Zinnversorgung in der Bronzezeit — Rohstoffbeschaffung als gesellschaftliche Herausforderung


Das Projekt ist Teil der Thematischen Area 2: Kreierte Welt

Eine stark gestiegene Anzahl von Metallanalysen in unterschiedlichen Regionen Europas haben gezeigt, dass Zinnbronzen ab dem Spätneolithikum mit einer steigenden Frequenz in verschiedenen Gegenden Europas auftreten, wohingegen sie zuvor nur sporadisch zu finden waren. Die meisten Studien, die sich mit der Ausbreitung des Zinns und der Zinnbronze beschäftigen, fokussieren entweder auf eine Provenienzbestimmung des Rohstoffes Zinn oder einer Untersuchung des Umgangs einzelner Gemeinschaften mit dem Metall. Welche Herausforderungen dieser neue und zudem durch Handwerker erst zu erzeugende Rohstoff für einzelne Regionen bzw. Gemeinschaften und ihre sozialen und ökonomischen Netzwerke mit sich brachte, ist bisher jedoch nicht systematisch untersucht. Einige Regionen konnten bereits zu einem sehr frühen Zeitraum auf Zinnbronze zurückgreifen, andere hatten über einen sehr langen Zeitraum offenbar keinen Zugang zu den entsprechenden Rohstoffnetzwerken oder scheinen nicht in gleichem Maße an der Bronze-Metallurgie interessiert gewesen zu sein. Letztere werden üblicher Weise in archäologischen Studien weniger intensiv betrachtet, teilweise haftet ihnen sogar der Eindruck einer „backwater region“ an.

Das angestrebte Projekt wird in einem ersten Schritt die archäologisch fassbaren Indikatoren der Adaption der Zinnbronze-Technologie auf überregionaler Ebene herausarbeiten und charakterisieren. In einem zweiten Schritt sollen die Charakteristika verschiedener Regionen und Gemeinschaften herausgearbeitet und verglichen werden. Schlüsselfragen sind dabei: Warum lehnten Gemeinschaften die Zinnbronze-Technologie ab, obwohl deren Vorteile offensichtlich waren? Wie hat die Rohstoffverteilung zwischen weit entfernt liegenden Gebieten funktioniert? Welche gesellschaftlichen Mechanismen und Voraussetzungen lagen dieser zugrunde? Es scheint, dass nicht nur die Organisationsform von Gesellschaften, sondern vor allen deren Dauer und Bestand einen großen Einfluss auf die Einbeziehung in Rohstoffnetzwerke hatte.

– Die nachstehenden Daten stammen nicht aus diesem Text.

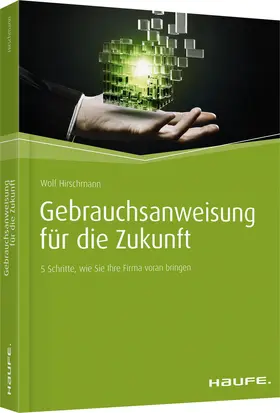 Hirschmann |  Gebrauchsanweisung für die Zukunft | Buch |  Sack Fachmedien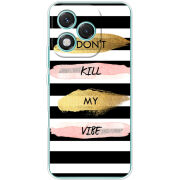 Чохол BoxFace Honor 400 Lite Dont Kill My Vibe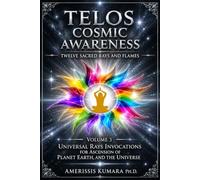 TELOS COSMIC AWARENESS: Twelve Sacred Rays and Flames: Universal Rays Invocations for the Ascension of Planet Earth, and the Universe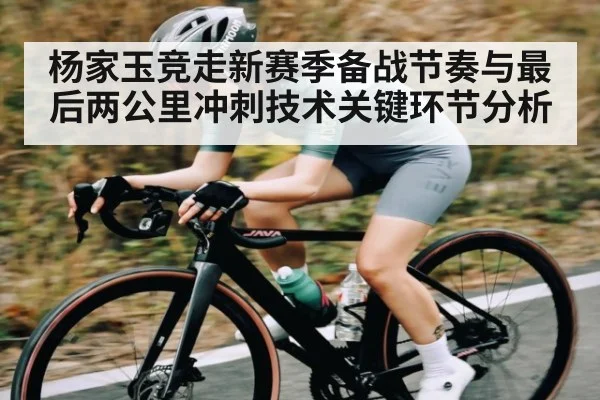杨家玉竞走新赛季备战节奏与最后两公里冲刺技术关键环节分析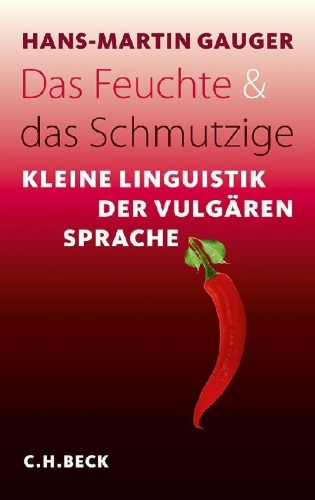 Buchcover und Innenansicht für das Buch: Das Feuchte und das Schmutzige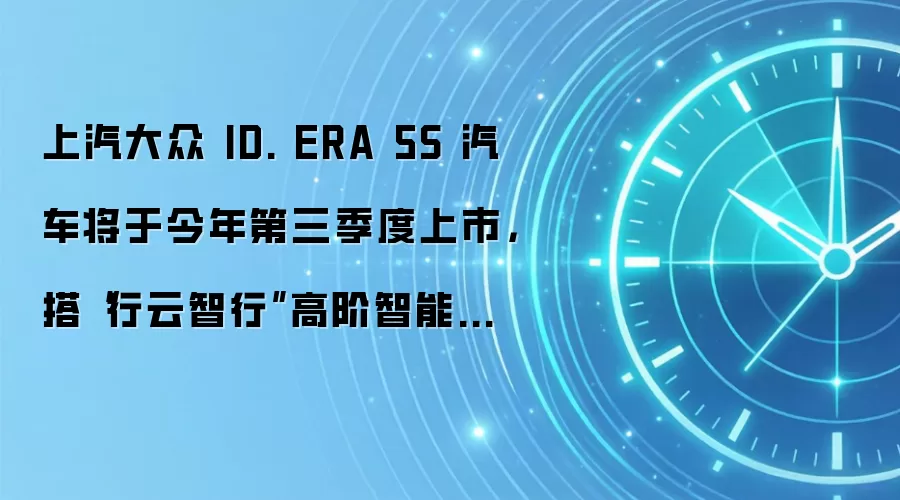 上汽大众 ID. ERA 5S 汽车将于今年第三季度上市,搭“行云智行”高阶智能辅助驾驶系统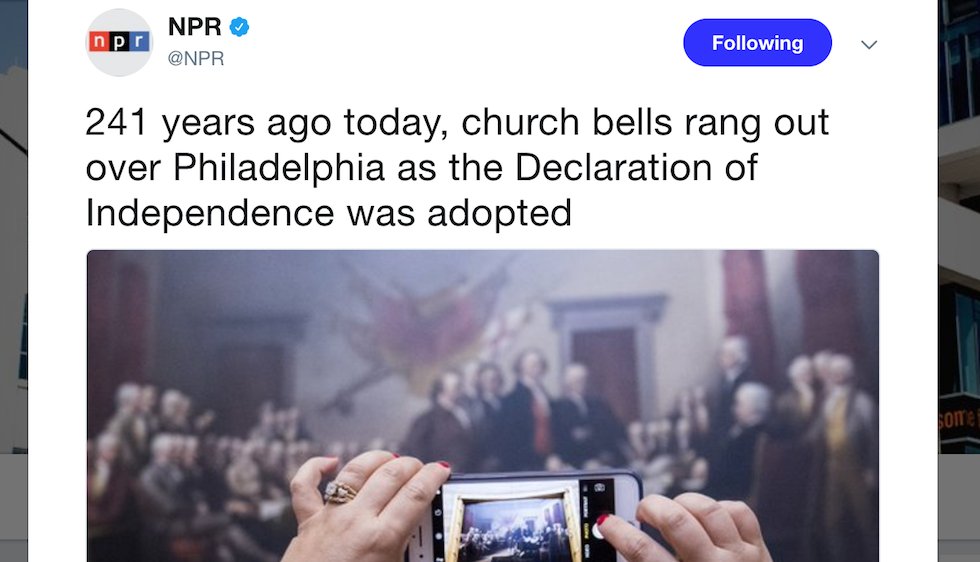 RT @thehill: NPR accused of bias for tweeting out full Declaration of Independence https://t.co/fkIOyF4ZPz https://t.co/UaRSvSWvoJ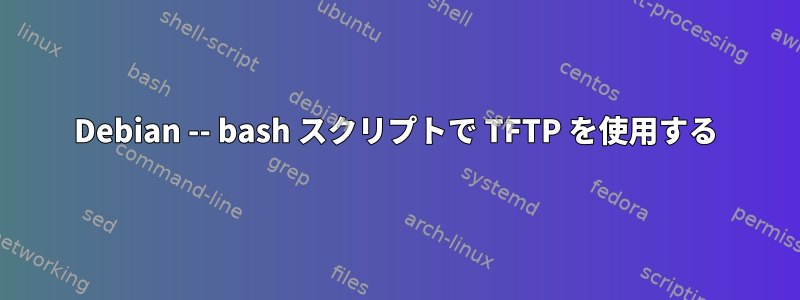 Debian -- bash スクリプトで TFTP を使用する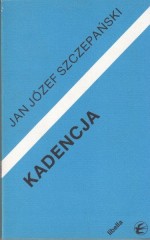 Kadencja  /  J.J. Szczepański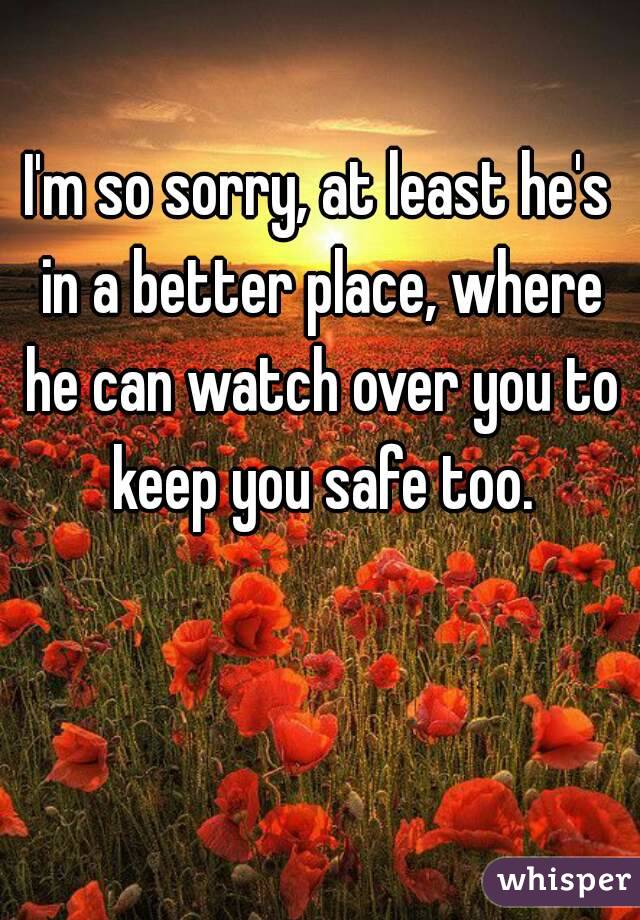 I'm so sorry, at least he's in a better place, where he can watch over you to keep you safe too.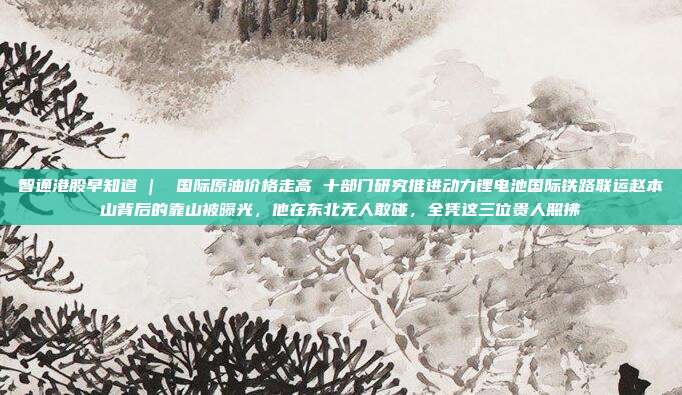 智通港股早知道 |  国际原油价格走高 十部门研究推进动力锂电池国际铁路联运赵本山背后的靠山被曝光，他在东北无人敢碰，全凭这三位贵人照拂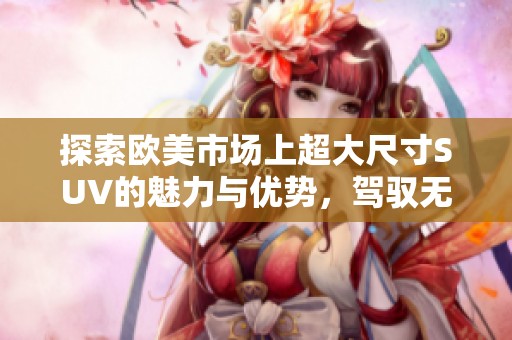 探索欧美市场上超大尺寸SUV的魅力与优势，驾驭无限可能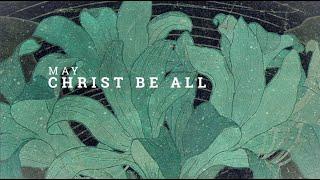 Christ Be All Lyric Video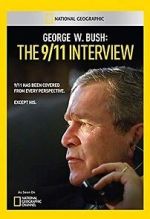 Watch George W. Bush: The 9/11 Interview Zmovies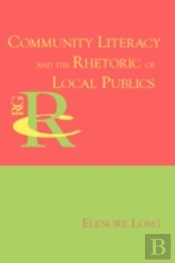 Community Literacy And The Rhetoric Of Local Publics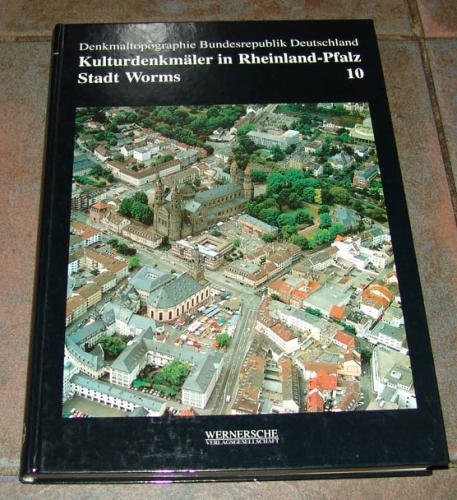 Kulturdenkmäler in Rheinland-Pfalz, Bd.10, Stadt Worms (Denkmaltopographie Bundesrepublik Deutschland) (Gebundene Ausgabe) - Spille, Irene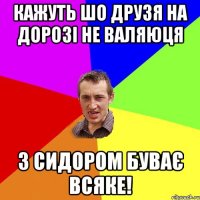 Кажуть шо друзя на дорозі не валяюця З Сидором буває всяке!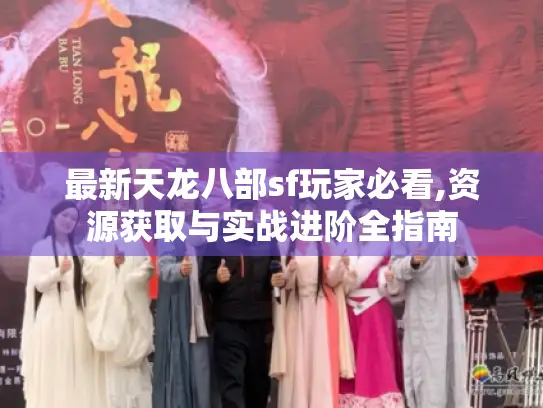 最新天龙八部sf玩家必看,资源获取与实战进阶全指南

Der Fokus soll auf der Untersuchung von Strategien der Implementierung der neuen Technologie, jedoch vor allem der Inkorporation in weiträumige Austauschnetzwerke von und durch bronzezeitliche Gemeinschaften liegen. Zu diesem Zweck werden Aspekte gemeinschaftlichen Denkens und Handelns, wie die Siedlungsstrukturen, Bestattungssitten, Deponierungstätigkeiten aber auch die ökonomische Ausrichtung der Gemeinschaften sowie ihre regionale und weiträumige Vernetzung untersucht. Die vorgeschlagene Herangehensweise begreift menschliche Bewältigungsstrategien nicht als ausschließlich durch Zäsuren gekennzeichnet, die stets eine Abkehr von etablierten Handlungsweisen erfordern. Vielmehr wird versucht auch langsame und graduelle Transformationen im menschlichen Handeln anhand bestimmter Marker zu identifizieren, abzubilden und zu korrelieren.

 

Stellung innerhalb der Area: Den Blick auf Rohstoffengpässe hat die vorliegende Untersuchung mit den Arbeiten von Sabine Gaudzinski-Windheuser, Olaf Jöris, Livija Ivanovaité (Human Dispersals) und Detlef Gronenborn (Social Cohesion) gemein. Die Untersuchung von Bronze verbindet das Projekt daneben technologisch mit demjenigen von Christopher Pare (Technologische Innovationen).